M. Jacques Mahéas - Je voudrais poser une question sur l’insécurité et la délinquance routière.

Un permis pour les mobylettes a été mis en place, et j’ai eu l’occasion d’en remettre un certain nombre. Souvent, lorsque je disais à ces jeunes :« Maintenant, vous allez pouvoir conduire une mobylette », j’observais quelques sourires.

J’aimerais savoir si la gendarmerie et la police opèrent des contrôles dans ce domaine. Menez-vous une action spécifique, en sanctionnant les jeunes qui ne sont pas en possession de ce permis spécial ? Je rappelle qu’en mobylette et en moto on a onze fois plus de risques de se tuer qu’en voiture.

M. Christian Petit - Tout d’abord, ce permis est extrêmement récent. Il se situe dans un dispositif d’ensemble qui vise à faire acquérir aux jeunes un certain nombre de brevets ou de diplômes à travers plusieurs étapes qui mènent au permis de conduire, ces étapes étant obligatoires. Honnêtement, nous ne menons pas d’actions particulières dans ce domaine. Mais, face aux excès, nous menons des opérations ciblées essentiellement sur le bruit. En effet, les citoyens se plaignent beaucoup du bruit de certaines mobylettes sur lesquelles sont installés des dispositifs normalement destinés aux mobylettes de compétition. Il y a donc, à cet égard, une certaine hypocrisie.

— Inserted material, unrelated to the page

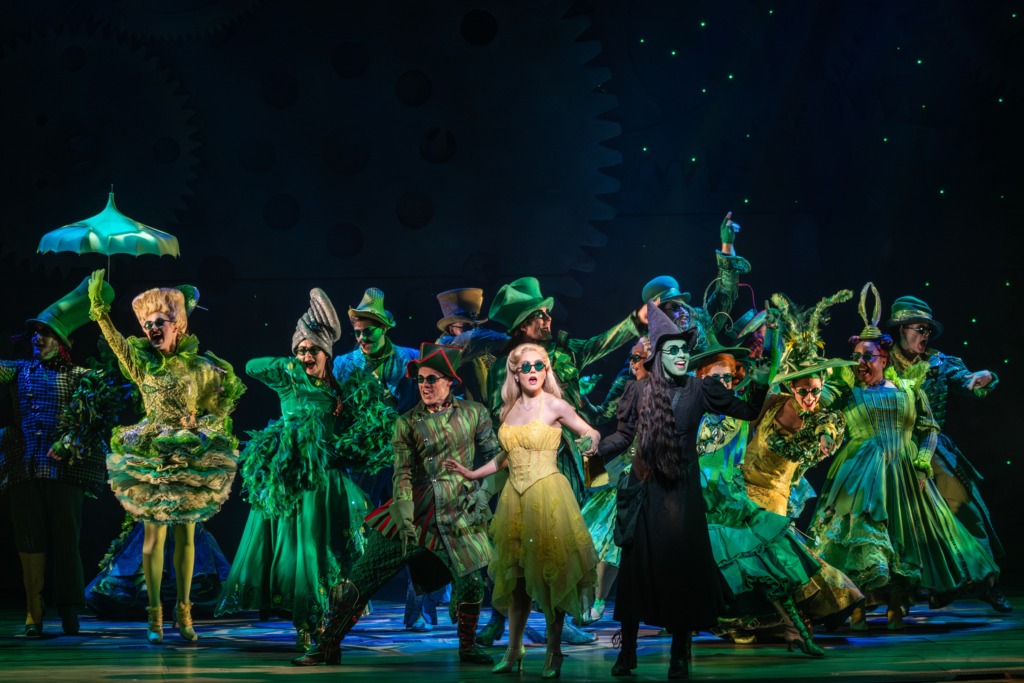 Zoe Jensen (center left) as Glinda and Jessie Davidson (center right) as Elphaba at the National Touring Company of Wicked 📷 Joan Marcus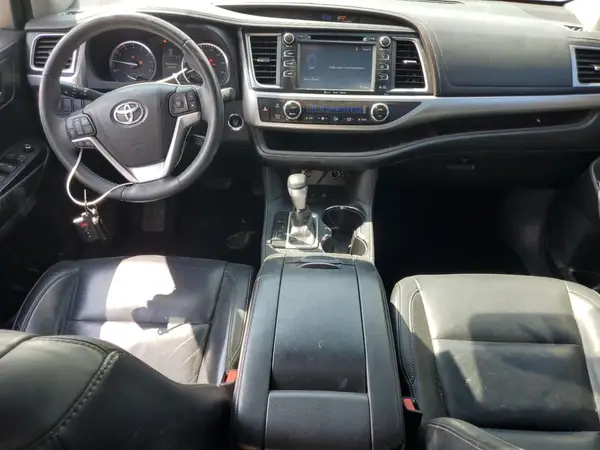 5TDJKRFH6GS243741 2016 TOYOTA HIGHLANDER - Image 8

Permettez-moi de vous donner un exemple personnel. Il y a quelques années, j’ai acheté un scooter à mon fils. La première chose que m’a demandée le détaillant était : « Est-ce que je vous débride le moteur ? » Il ne savait pas que j’étais gendarme. Je lui ai dit ma façon de penser. L’hypocrisie tient à ces fameux kits qui font du bruit. Nous pourrions certainement agir dans ce domaine. La vente libre de ces appareils ne devrait pas être autorisée sous prétexte qu’ils sont réservés aux mobylettes de compétition. On sait parfaitement que n’importe qui peut les acheter et les installer. Un certain nombre d’évolutions réglementaires sont en cours et concernent notamment l’immatriculation des deux-roues. Cette mesure simplifiera certainement notre travail.

Dans la pratique, quelle est la situation ? Imaginez deux gendarmes en voiture, dans leur 4L, leur Clio ou leur 206. Ils voient un jeune qui slalome entre les voitures avec sa mobylette. Même s’ils ont la volonté de verbaliser, que peuvent-ils faire ? A la limite, s’ils sont très sportifs et s’ils courent très vite, ils peuvent se lancer à la poursuite du jeune. Sinon, malheureusement, ils ne peuvent que déplorer une telle attitude. La problématique de l’adéquation des moyens de la gendarmerie à ses charges se trouve posée, comme celle de l’adaptabilité des personnes à la loi, ou l’inverse. En effet, il n’est pas toujours très simple d’appliquer les lois qui sont votées. C’est même parfois très difficile. Il faut systématiquement se poser la question :« Les gens qui vont être chargés d’appliquer cette loi, vont-ils pouvoir l’appliquer correctement ? » S’il y a un doute, il faut songer à simplifier les procédures. A nos yeux, beaucoup de procédures, qu’il s’agisse des procédures judiciaires ou administratives sont extrêmement complexes. Le temps passé à vérifier que nous avons bien respecté tel ou tel article de loi, nous ne le passons pas sur le terrain à contrôler les permis pour mobylette, les assurances et les comportements des conducteurs.

M. le président - Je vous remercie, messieurs.